Please copy out the full listing that follows exactly; no picture belongs in the copy.

→ **Given material**:

——————

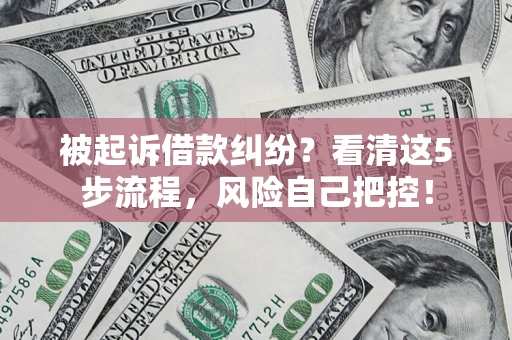 济南被起诉借款纠纷？看清这5步流程，风险自己把控！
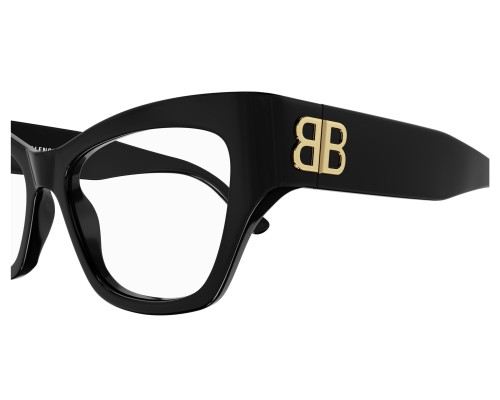 Balenciaga BB0362O - 001 - 54 Cadres optiques Noir Œil de chat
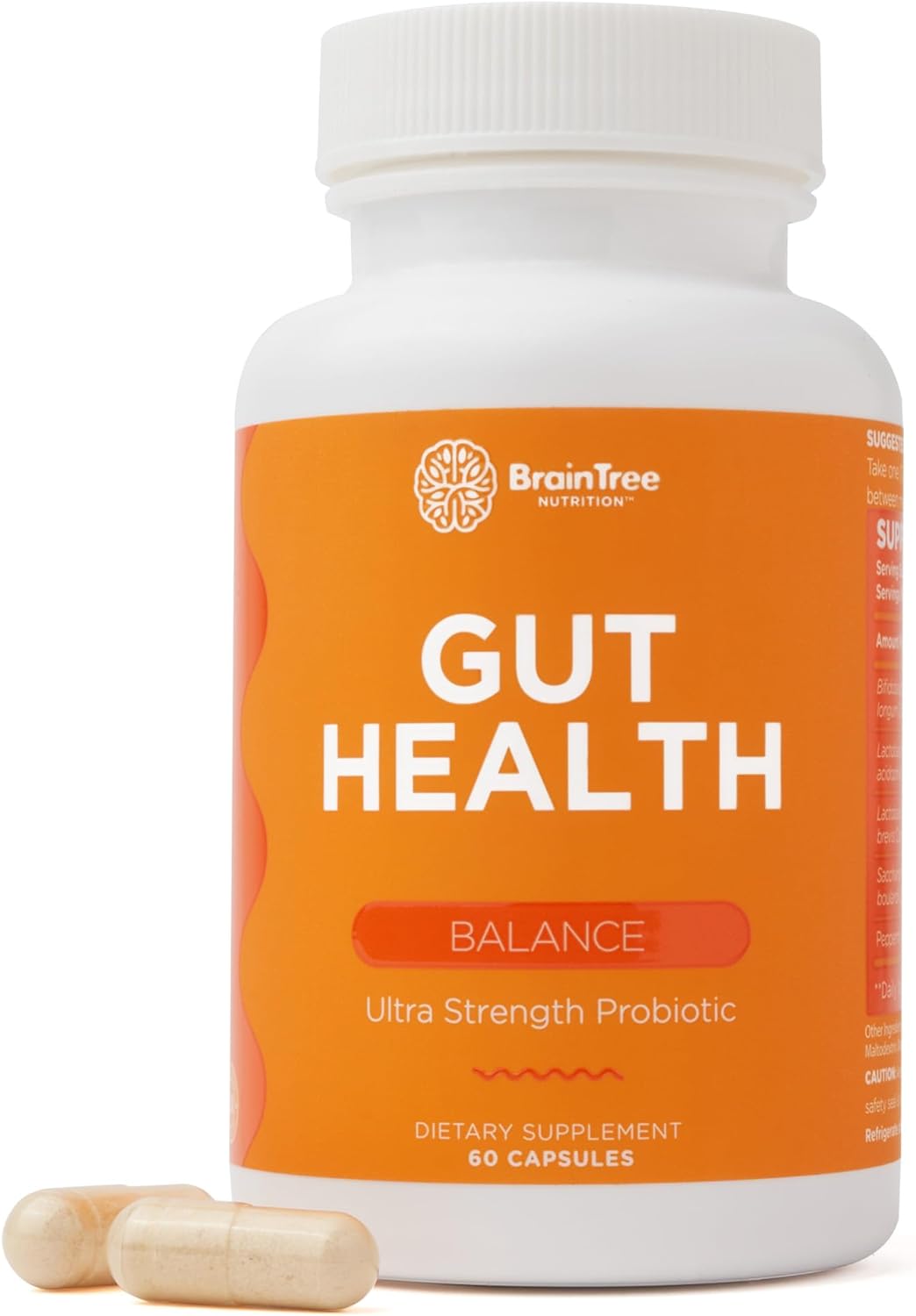 <b>브레인</b>트리 뉴트리션 것 헬스 밸런스 울트라 스트렝스 프로<b>바이오틱</b> 60캡슐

——————

→ **Response area**:
 济南被起诉借款纠纷？看清这5步流程，风险自己把控！
 Balenciaga BB0362O - 001 - 54 Cadres optiques Noir Œil de chat
 <b>브레인</b>트리 뉴트리션 것 헬스 밸런스 울트라 스트렝스 프로<b>바이오틱</b> 60캡슐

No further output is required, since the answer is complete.